El profesor jefe nos agarraba pal weveo frente a todo el curso, era su hobbie. A mi me prometía en pololeo con Alonso José Domingo Venegas Flores (que se formaba al principio de la fila porque era tan chico como yo. Si, teníamos que formarnos y cantar la canción nacional con cara de seriedad los días lunes). La tortura para él era llamarlo por todos sus nombres siempre entonándolo como canción, tanto los pronunció el profesor que me los aprendí. Era colorín, era bajito, muy tímido y tenía pecas, todos lo llamábamos el Halley porque se obsesionó con la pasada del cometa y se aprendió todo sobre él. Menos mal que lo sacaron del colegio ese mismo año. Después, me encontré con Alonso en París, estaba estudiando, era escritor, poeta, actor, ingeniero, busquilla, patiperro y un montón de cosas más, también nos habíamos visto cuando él estudiaba en los Salesianos y hacíamos correspondencia entre mi curso del Liceo Laura Vicuña y ellos (nada de mails ni internet) y él me mandó una carta escrita con sangre, era un poema provocador, pero el atentado me hizo gracia ya que estaba bien escrito, notable para un joven de 14 años y justo al dedo para alguien que estaba descubriendo su vocación literaria. Nunca nos gustamos ni un poquito, a pesar del empeño del profesor.
Olvidé el nombre del tipo, pero le vamos a poner José. José se dedicaba todo el día a avergonzar a todos con un humor demasiado irónico para nuestra pequeña edad. Un día estábamos en sala de clases en un ramo que se trataba de nada, Apoyo Pedagógico. Era invierno porque había caído la noche. Me aguanté toda la clase las ganas de mear, para no tener que pedir permiso al profesor y ser objeto de sus bromas y las risas de los demás (si, en Chile pedimos permiso al profesor para hacer algo tan básico como ir al baño. Recuerden, educación prusiana, todos callados, escuchando al profe, etc).
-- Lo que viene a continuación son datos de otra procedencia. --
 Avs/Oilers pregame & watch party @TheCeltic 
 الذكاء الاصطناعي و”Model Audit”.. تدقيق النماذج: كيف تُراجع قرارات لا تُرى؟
Cuando no aguanté más, hablé y estaba en tan mala situación que no recuerdo si me hizo alguna broma. Corrí con todas mis fuerzas, pero no lo logré. Tuve que volver a clases más avergonzada que con las bromas que nos propinaba el profesor. Menos mal que era la última hora de clase. Este recuerdo, que no conté a nadie, me atormentó por varios años y eso que ni sé si mis compañeros se habrán dado cuenta.
En el mismo colegio, cuando íbamos en sexto básico, nos cambiaron 3 veces al profesor de matemáticas en 1 año. A uno lo echaron por fresco y asqueroso, le gustaba mirar las piernas a las niñas y tenía como costumbre no ducharse jamás, al segundo lo echaron por “colita” y al tercero no lo recuerdo. Ese año tuve promedio 6,9 y no sé como porque no recuerdo haber rendido más de una prueba ni que alguien nos hubiera enseñado algo.
Teníamos la asignatura de “religión” al final del día jueves y con mi mejor amiga Francisca nos escapábamos diciendo que estábamos eximidas. Sólo teníamos que flanquear a la horrible inspectora Patty, teñida de rubia y maquillada al estilo Patty Maldonado. Cuando mis hermanos menores fueron a ese colegio, ocho años después, todavía existía la misma caduca inspectora y la educación seguía siendo menos que reguleque. Tuve suerte de haber salido de ese lugar ese mismo 1989 justo cuando nos aprestábamos a volver a la Democracia. Fui a parar a lo más cercano a una escuela militar: un convento.